出来れば止めを刺したいが……今の舜もボロボロでそんな余裕がない上に、恐らく――――
その舜の想像を肯定するように、金城の巨体の周囲を囲むように無数の剣山のような物が地面から突き出した。
「……!」
過去二度の〈王〉撃破時と同じような現象……。勿論見た目の違いはあるが、結果は同じ事だろう。となるとこの剣山を作り出したのは……
(ちっ……いい所まで行ってたのによ! 安っぽい挑発なんぞに乗せられやがって……! 所詮は定命の者か。世話が焼けるぜ)
粗暴で傲慢な雰囲気の男のような声。恐らくこいつがラーヴァナだろう。
「お、お前がラーヴァナか!? お、お前達が地球の神々だって話は本当なのか!?」
(ん? ああ、そうだぜ。尤も、もうとっくに地球での神性は喪っちまってるけどな。
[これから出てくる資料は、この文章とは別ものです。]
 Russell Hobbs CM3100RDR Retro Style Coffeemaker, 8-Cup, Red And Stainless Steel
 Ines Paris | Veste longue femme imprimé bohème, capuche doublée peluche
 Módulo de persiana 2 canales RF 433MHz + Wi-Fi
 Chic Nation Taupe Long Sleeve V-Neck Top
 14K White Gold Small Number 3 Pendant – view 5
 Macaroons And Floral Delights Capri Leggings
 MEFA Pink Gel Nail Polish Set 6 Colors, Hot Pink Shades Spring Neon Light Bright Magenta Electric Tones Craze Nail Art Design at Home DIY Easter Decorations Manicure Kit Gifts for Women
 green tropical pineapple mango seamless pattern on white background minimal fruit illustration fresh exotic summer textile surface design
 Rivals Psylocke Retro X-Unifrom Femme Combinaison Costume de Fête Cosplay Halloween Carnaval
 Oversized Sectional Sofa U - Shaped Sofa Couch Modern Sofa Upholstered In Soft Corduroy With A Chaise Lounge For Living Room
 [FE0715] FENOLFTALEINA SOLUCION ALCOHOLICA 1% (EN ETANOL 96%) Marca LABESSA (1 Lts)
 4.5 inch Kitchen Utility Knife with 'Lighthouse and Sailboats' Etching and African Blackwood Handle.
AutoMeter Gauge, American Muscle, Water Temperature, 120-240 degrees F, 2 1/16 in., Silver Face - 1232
地球じゃラーマに殺され続けるだけの道化だよ、俺は)
「な、何で……何でこんな事を……」
(ふん! どうしても大量のエナジーが必要だったんでな。同じ目的の奴等と手を組んだって訳だ。恨むなら地球にいる唯一神を名乗ってる奴を恨みな。……いや、お前には俺達を恨む理由はないよな? 俺達のお陰で追い詰められたフォーティアが、一度は死んだお前を復活させたんだからなぁ。むしろ感謝して欲しいくらいだぜ)
「……ッ!」
それを言われると痛い為、何も言えなくなってしまう。これ以上情報を引き出すのも難しそうだ。
(ま、そんな訳でこいつは貰ってくぜ。こんだけやられると回復には時間が掛かりそうだし、当分の間手出しできねぇのは同じだから安心しな)
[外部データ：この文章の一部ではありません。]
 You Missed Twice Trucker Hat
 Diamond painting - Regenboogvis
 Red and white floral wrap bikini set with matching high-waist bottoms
その言葉と共に、剣山がまるで意思を持っているかのように湾曲し、金城の身体を包み込む。そして梅木の時と同じように地中に「穴」が開いて、その中へと引きずり込んでいく。
やがていくらも経たない内に金城の巨体は、影も形も無くなっていた。
「……レベッカさん達の所へ戻ろう。そして一緒に、クィンダムに帰るんだ……」
フォーティアに聞きたい事もあったが、今はとにかく疲れ過ぎていた。神化種の力はある程度コントロール可能になったのだ。話を聞く事はまたいつでも出来る。舜はボロボロの身体に鞭打って、レベッカ達の元へと戻っていくのだった…………
◆◇◆◇◆◇◆◇
「シュン……」
下界を映し出す水面から目を離したフォーティアは、ふぅっと小さく溜息を吐く。これでシュンは3人の〈王〉を下した。いくつか危うい場面もあったが、概ね順調と言えた。後は大陸の各地に散らばる要石を破壊していく事が出来れば……
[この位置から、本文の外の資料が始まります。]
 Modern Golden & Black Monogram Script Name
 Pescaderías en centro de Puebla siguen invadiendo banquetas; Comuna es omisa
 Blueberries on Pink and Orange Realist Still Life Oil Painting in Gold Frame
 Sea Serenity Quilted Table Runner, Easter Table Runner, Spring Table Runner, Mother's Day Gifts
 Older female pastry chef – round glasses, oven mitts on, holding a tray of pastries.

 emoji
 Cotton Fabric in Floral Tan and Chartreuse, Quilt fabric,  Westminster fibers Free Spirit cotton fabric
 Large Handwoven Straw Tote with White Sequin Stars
「やあ、フォーティア。〈御使い〉は無事に復活したようだね。良かった良かった」
「……!」
無邪気な声に振り返ると、そこには黒髪のあどけない顔立ちの少年が立っていた。
「ロキ……。ええ……あなたには感謝しています。まさか本当に『神酒』を作り出してしまうとは……」
シュンがセトの謀略で倒れ慌てるフォーティアの前に、突如この少年が現れた。そして『神の泉』の話を提案してきたのだ。神の泉と呼ばれてはいるが、元はただの澄んだ泉に過ぎなかったはずだ。しかしロキが自信満々に勧めてくるので、訝しみながらも信徒に「神託」を下した。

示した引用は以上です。